The custom variable's value at the time of the recommendations action request is evaluated against the values that appear in the product catalog associated with the recommendation strategy in the field for the attribute that you chose from SELECT ATTRIBUTE. Any product that doesn't have the custom variable value in the specified attribute field is excluded from the results.
If the value of the
styleColor custom variable at run time is
purple, then the filter as configured in the screenshot excludes from consideration any products in the catalog that don't have
purple in the
Tips for Applying Filters
Filters help ensure the recommended products don't include products that are unexpected or outside your brand guidelines. For example, on a Women's Shirts product listing page, you may want to apply a gender = women filter to ensure that only other women's products appear.

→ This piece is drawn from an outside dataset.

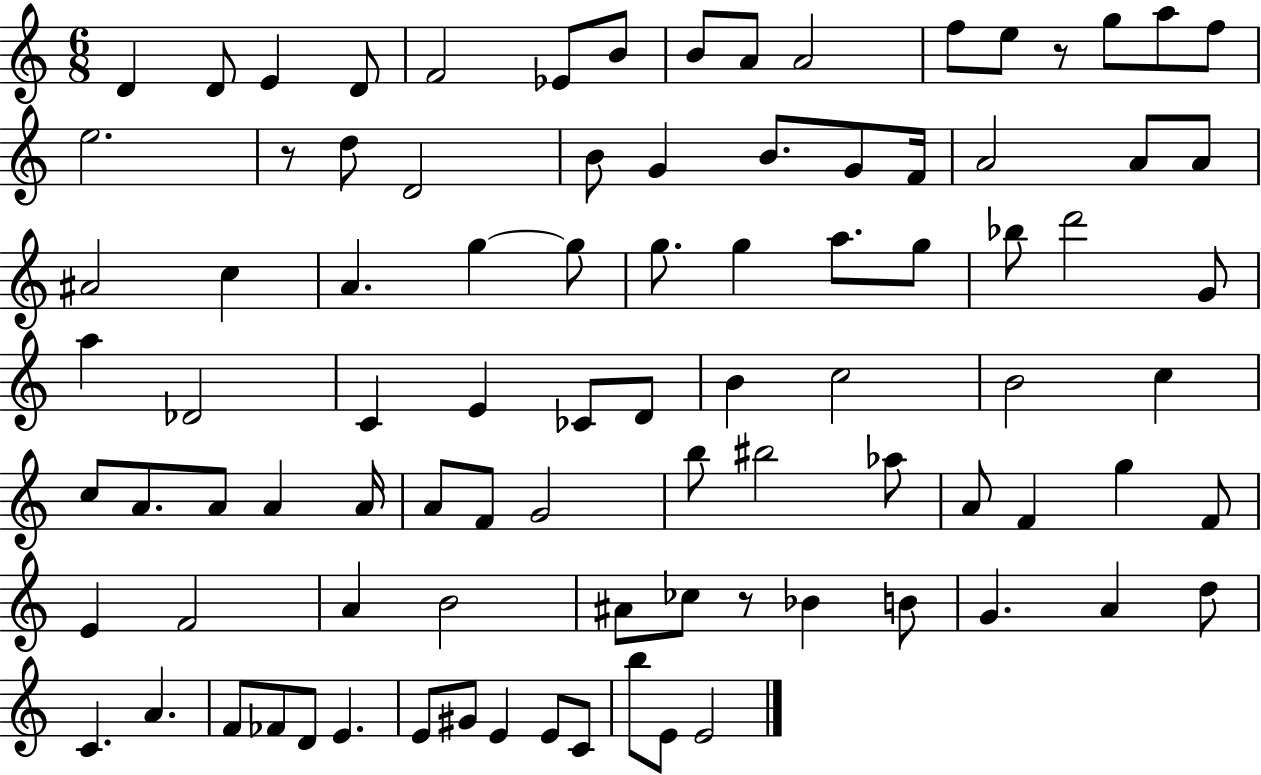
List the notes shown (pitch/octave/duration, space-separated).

D4/q D4/e E4/q D4/e F4/h Eb4/e B4/e B4/e A4/e A4/h F5/e E5/e R/e G5/e A5/e F5/e E5/h. R/e D5/e D4/h B4/e G4/q B4/e. G4/e F4/s A4/h A4/e A4/e A#4/h C5/q A4/q. G5/q G5/e G5/e. G5/q A5/e. G5/e Bb5/e D6/h G4/e A5/q Db4/h C4/q E4/q CES4/e D4/e B4/q C5/h B4/h C5/q C5/e A4/e. A4/e A4/q A4/s A4/e F4/e G4/h B5/e BIS5/h Ab5/e A4/e F4/q G5/q F4/e E4/q F4/h A4/q B4/h A#4/e CES5/e R/e Bb4/q B4/e G4/q. A4/q D5/e C4/q. A4/q. F4/e FES4/e D4/e E4/q. E4/e G#4/e E4/q E4/e C4/e B5/e E4/e E4/h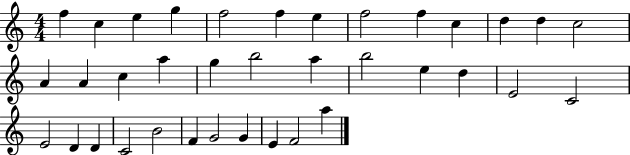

Consider too using a broad dynamic filter as a way to better ensure no unexpected products display. For example, you may want to only include products targeted to the same gender as the gender targeted by the products on the page.
Another means of improving the relevance of recommended products is to use collaborative recommendation algorithms, such as Viewed and Also Viewed, Viewed and Later Purchased, and Purchased and Also Purchased. Collaborative recommendation types allow you to leverage the "wisdom of the crowd" to show more relevant product recommendations. By applying relevant broad filters, you can best leverage the wisdom of the crowd.
Keep in mind, though, that the more filters you use, the more you limit the algorithm's potential output. For example, you build a strategy with the Viewed and Also Viewed recommendation type and apply a product type = suits filter. When a customer views a suit, this configuration means other suits are likely recommend, but the specificity of the static value of the filter may also reduce the likelihood that other products that customers view along with suits, such as dress shoes or ties, are recommended. To avoid this situation, you may want to use a broader filter, such as the dynamic filter gender = gender of product currently being viewed, to only show other products whose gender matches the gender of the suit a customer views.
If you find that broad filters are still returning products you don't want recommended, you can always add filters and evaluate how they affect the recommendations.